15059 ciltten oluşan bu koleksiyondaki eser sayısı göz
önüne alındığında sayı yaklaşık 30.000’i bulmaktadır. Bu eserler içinde IV. ve
V. yüz yıllarda yazılmış ya da müellif hattı çok değerli yazmalar
bulunmaktadır. Yazmalarda ağırlıklı olarak, dil, edebiyat, tasavvuf, din,
tarih, felsefe, astronomi, askerlik, matematik, bilim tarihi, tıp konularında
eserler yer almaktadır.
Bugüne kadar bu eserlerin demirbaş kayıtları ve yazar ve
eser adından oluşan basit kart katalogları yapılmıştır, ancak bu kayıtların
bilimsel çalışmalardan uzak ve araştırmacıların istifadesine sunmadaki
yetersizlikleri yazmalar konusunun yeniden ele alınmasını zorunlu kılmıştır.
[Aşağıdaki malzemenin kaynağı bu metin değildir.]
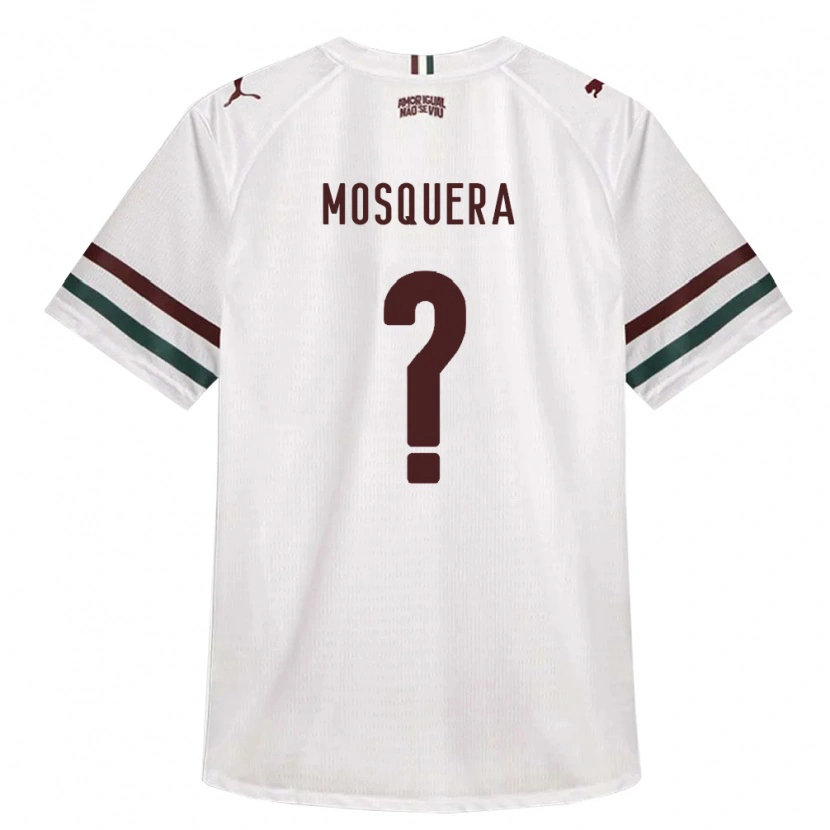 Danxen Hombre Camiseta Yuleiver Mosquera #0 Blanco Verde Borgoña 2ª Equipación 2026/27 La Camisa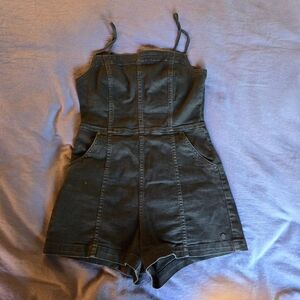 Volcom Black Denim Romper - Medium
1998 yılında yapılarak Başbakanlık Tanıtma Fonuna
sunulan bir projenin kabul edilmesi 1999
yılı Mayıs ayında ise DTCF yazmalarının kataloglanması ve bilgisayar ortamına
aktarılması işine başlanmıştır. Türk Dili ve Edebiyatı Bölüm’ünden Prof.Dr.
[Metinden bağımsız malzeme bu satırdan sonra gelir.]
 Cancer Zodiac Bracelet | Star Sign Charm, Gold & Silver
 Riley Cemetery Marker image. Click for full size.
İsmail Ünver ve Yrd.Doç.Dr.Abdülkadir Gürer’in değerli katkıları ile ilk olarak
yazmaların bibliyografik tanımlaması işine başlanmıştır. Fakültemiz Türk Dili
ve Edebiyatı, Arap Dili ve Edebiyatı ile
Fars Dili Anabilim Dalı’ndan değerli öğretim elemanlarının gayretli
çalışmaları sonucu ek I’de sunulan Yazma
Eser Bibliyografik Künye fişilerine bilgiler kayıt edilmektedir. Projenin faaliyete
geçtiğinden bugüne geçen 9 aylık sürede yaklaşık 3.100 yazmanın, 6.300’e yakın
fişi hazırlanmıştır. Bu fişlerin kontrolü de hızla sürmektedir.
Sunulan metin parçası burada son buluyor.